## Records for processing

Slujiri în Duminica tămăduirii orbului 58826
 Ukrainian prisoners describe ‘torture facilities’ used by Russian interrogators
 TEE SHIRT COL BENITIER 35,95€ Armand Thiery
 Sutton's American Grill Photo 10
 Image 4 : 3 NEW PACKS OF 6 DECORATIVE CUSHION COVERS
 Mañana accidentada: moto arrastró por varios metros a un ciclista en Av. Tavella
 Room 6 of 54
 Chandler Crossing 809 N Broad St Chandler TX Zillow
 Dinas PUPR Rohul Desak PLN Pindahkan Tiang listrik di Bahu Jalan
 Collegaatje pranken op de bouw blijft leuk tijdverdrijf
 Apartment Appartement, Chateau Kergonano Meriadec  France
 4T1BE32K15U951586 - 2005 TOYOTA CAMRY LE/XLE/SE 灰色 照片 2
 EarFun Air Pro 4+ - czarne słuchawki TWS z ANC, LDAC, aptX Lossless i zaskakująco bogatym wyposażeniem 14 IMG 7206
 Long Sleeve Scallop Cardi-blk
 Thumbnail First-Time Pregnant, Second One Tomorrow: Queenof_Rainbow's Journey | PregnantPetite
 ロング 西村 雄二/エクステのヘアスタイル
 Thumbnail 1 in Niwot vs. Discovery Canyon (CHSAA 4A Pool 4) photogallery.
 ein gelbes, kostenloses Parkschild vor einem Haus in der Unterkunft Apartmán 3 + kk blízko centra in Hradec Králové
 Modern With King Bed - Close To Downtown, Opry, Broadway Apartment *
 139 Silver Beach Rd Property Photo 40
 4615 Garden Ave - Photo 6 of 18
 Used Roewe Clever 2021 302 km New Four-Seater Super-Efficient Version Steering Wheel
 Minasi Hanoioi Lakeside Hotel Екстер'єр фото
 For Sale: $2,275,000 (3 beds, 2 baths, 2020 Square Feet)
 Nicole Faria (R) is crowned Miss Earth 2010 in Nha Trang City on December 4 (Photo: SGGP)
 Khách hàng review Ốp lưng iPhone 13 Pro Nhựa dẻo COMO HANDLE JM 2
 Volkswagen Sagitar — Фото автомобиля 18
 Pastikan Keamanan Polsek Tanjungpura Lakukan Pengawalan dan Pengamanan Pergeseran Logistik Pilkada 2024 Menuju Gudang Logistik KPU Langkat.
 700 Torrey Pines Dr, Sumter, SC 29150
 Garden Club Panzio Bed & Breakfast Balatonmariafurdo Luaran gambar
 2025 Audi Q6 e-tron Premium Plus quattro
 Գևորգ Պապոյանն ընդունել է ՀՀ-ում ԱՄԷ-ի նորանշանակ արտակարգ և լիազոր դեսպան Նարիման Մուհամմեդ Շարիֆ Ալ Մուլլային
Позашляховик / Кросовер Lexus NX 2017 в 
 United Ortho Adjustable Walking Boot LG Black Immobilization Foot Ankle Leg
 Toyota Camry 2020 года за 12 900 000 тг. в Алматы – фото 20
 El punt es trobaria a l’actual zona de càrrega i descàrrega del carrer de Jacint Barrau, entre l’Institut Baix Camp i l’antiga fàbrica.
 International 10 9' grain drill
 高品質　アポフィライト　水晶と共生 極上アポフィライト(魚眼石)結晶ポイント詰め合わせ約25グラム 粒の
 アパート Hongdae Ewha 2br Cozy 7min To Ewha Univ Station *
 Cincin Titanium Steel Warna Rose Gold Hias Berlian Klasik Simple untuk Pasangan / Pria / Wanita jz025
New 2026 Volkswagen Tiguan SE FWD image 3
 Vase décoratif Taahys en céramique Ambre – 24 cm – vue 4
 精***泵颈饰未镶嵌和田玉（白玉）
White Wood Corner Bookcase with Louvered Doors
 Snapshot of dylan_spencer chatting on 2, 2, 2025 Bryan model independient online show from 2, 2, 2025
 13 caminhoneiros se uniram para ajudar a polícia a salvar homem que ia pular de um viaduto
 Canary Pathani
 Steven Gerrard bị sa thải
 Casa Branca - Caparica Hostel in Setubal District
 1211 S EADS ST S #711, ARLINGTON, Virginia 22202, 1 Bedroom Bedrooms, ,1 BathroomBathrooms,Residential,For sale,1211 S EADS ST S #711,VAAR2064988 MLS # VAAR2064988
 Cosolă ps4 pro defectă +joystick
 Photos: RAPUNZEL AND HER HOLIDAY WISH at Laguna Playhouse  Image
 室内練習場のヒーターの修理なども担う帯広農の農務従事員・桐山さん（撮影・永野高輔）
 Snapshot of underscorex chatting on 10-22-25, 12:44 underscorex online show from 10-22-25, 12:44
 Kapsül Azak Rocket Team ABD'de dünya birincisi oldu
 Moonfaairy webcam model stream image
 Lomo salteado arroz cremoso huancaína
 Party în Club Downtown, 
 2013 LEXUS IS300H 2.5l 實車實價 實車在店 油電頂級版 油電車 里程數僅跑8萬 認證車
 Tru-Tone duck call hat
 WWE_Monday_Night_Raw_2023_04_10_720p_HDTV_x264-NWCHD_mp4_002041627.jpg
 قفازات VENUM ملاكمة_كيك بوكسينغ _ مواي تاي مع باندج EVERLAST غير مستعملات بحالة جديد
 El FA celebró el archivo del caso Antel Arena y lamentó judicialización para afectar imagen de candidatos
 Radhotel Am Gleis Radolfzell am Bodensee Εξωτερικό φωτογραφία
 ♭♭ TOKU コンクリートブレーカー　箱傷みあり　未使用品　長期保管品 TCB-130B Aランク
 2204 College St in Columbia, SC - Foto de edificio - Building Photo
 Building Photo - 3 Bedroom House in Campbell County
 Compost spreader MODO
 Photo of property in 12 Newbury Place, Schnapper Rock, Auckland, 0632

## What the exercise asks
Send back an exact copy of only the lines from the line with "Volkswagen Sagitar — Фото автомобиля 18" up to and including the line with "United Ortho Adjustable" in the data above.

## Your response
 Volkswagen Sagitar — Фото автомобиля 18
 Pastikan Keamanan Polsek Tanjungpura Lakukan Pengawalan dan Pengamanan Pergeseran Logistik Pilkada 2024 Menuju Gudang Logistik KPU Langkat.
 700 Torrey Pines Dr, Sumter, SC 29150
 Garden Club Panzio Bed & Breakfast Balatonmariafurdo Luaran gambar
 2025 Audi Q6 e-tron Premium Plus quattro
 Գևորգ Պապոյանն ընդունել է ՀՀ-ում ԱՄԷ-ի նորանշանակ արտակարգ և լիազոր դեսպան Նարիման Մուհամմեդ Շարիֆ Ալ Մուլլային
Позашляховик / Кросовер Lexus NX 2017 в 
 United Ortho Adjustable Walking Boot LG Black Immobilization Foot Ankle Leg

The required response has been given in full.